O “Real” é aquilo que escapa à linguagem, o que não pode ser simbolizado ou domesticado pela fantasia; é o encontro traumático com o indizível. Em Sirat, o deserto marroquino e a guerra que assombra os personagens operam exatamente como a presentificação desse Real. Não há regras claras de civilização (o Simbólico colapsou), apenas a aridez iminente, o perigo dos campos minados e um horizonte infinito que ameaça engolir o sujeito.
A jornada de Luis e Esteban não é apenas geográfica. Atravessar esse deserto é confrontar a nudez da existência quando todas as garantias caem por terra. A busca incessante por Marina funciona como a busca pelo objeto a — a causa do desejo, aquele fragmento estruturalmente faltante que movimenta o sujeito, mas que, paradoxalmente, nunca pode ser plenamente alcançado.
Um dos contrastes mais brilhantes de Sirat é a presença das raves no meio do nada, impulsionadas pela batida repetitiva da música eletrônica enquanto o mundo ao redor desmorona. Por que dançar no limiar do apocalipse?

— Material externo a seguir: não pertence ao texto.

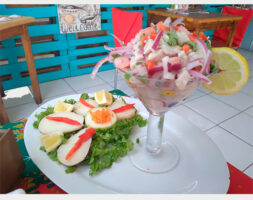 Ceviche Mixto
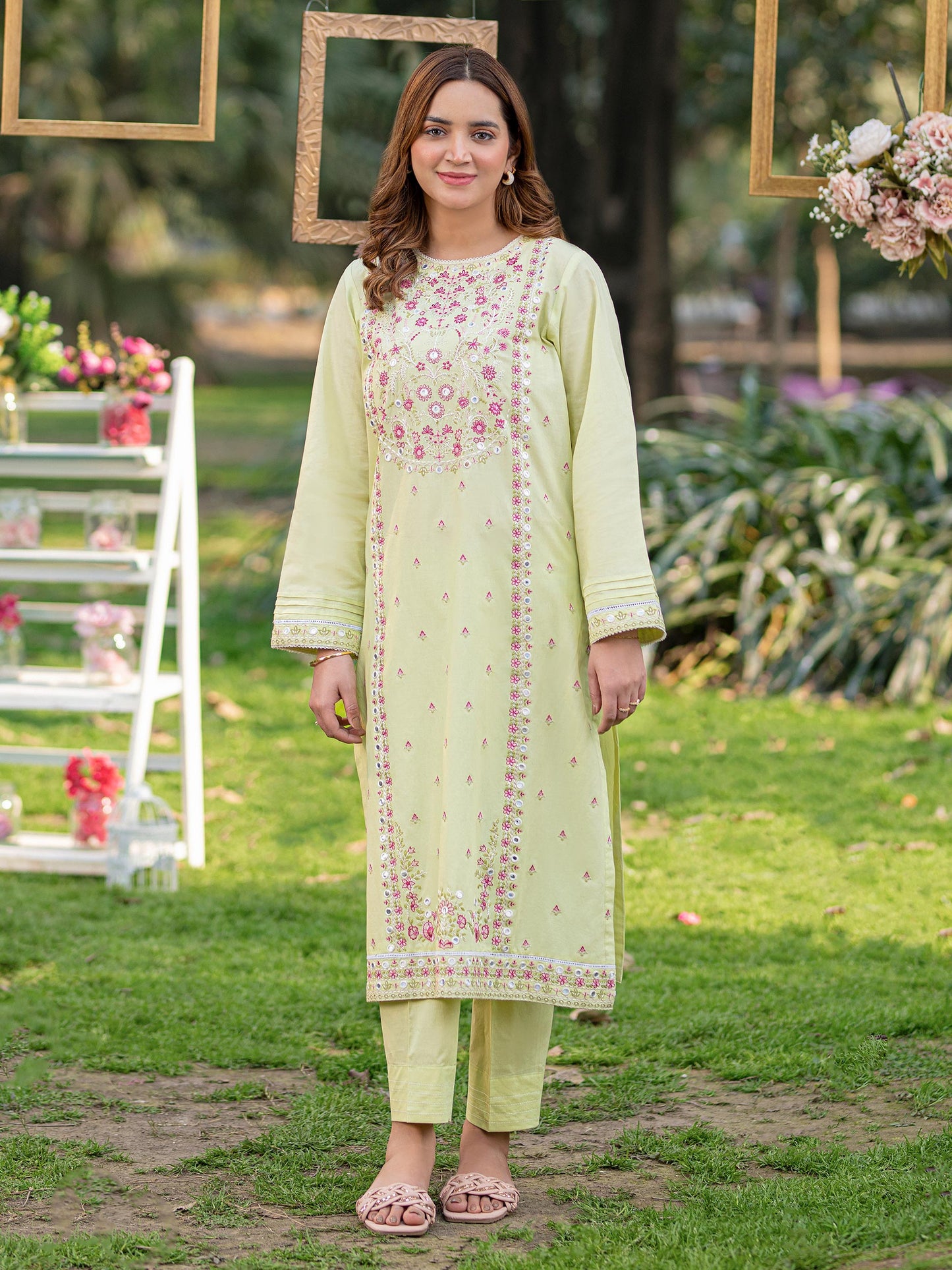 2 Piece Lawn Suit-Embroidered (Unstitched)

Podemos ler essa dança extenuante sob a ótica da compulsão à repetição e da pulsão de morte. A exaustão do corpo dos ravers não busca o prazer, mas o gozo (jouissance) no sentido lacaniano: uma satisfação paradoxal, excessiva e dolorosa que leva o sujeito ao seu limite absoluto. As caixas de som empilhadas na areia e o transe coletivo funcionam como um ritual de expurgo de traumas que não podem ser nomeados. É a tentativa do sujeito de encontrar um contorno rítmico temporário frente à desintegração total do mundo neurótico singular de cada sujeito.
O próprio título do filme carrega a chave para a decifração da obra. Na tradição islâmica, Sirāt é uma ponte estreita, fina como o fio de uma navalha, que leva ao paraíso. Na travessia analítica, podemos associar essa ponte ao doloroso processo de análise.
O final do filme, deliberadamente ambíguo e brutal, não oferece a redenção clássica. Atravessar o campo minado e continuar caminhando exige um corte, uma perda irrecuperável. Assumir a própria falta, simplesmente aceitar a castração que é a condição fundamental para que se possa continuar desejando. Os sobreviventes em Sirat compreendem que ninguém sai ileso do deserto da vida. Uma parte de si inevitavelmente fica pelo caminho para que a travessia prossiga.
Sirat convida o espectador a uma experiência com algo da ordem do limite, espelhando a própria jornada de um percurso psicanalítico: o atravessamento das fantasias ilusórias, o encontro com o Real e a retificação subjetiva diante da perda. É um filme que não entrega respostas prontas, mas que exige que o espectador se responsabilize por sustentar sua própria angústia ao encarar esse filme.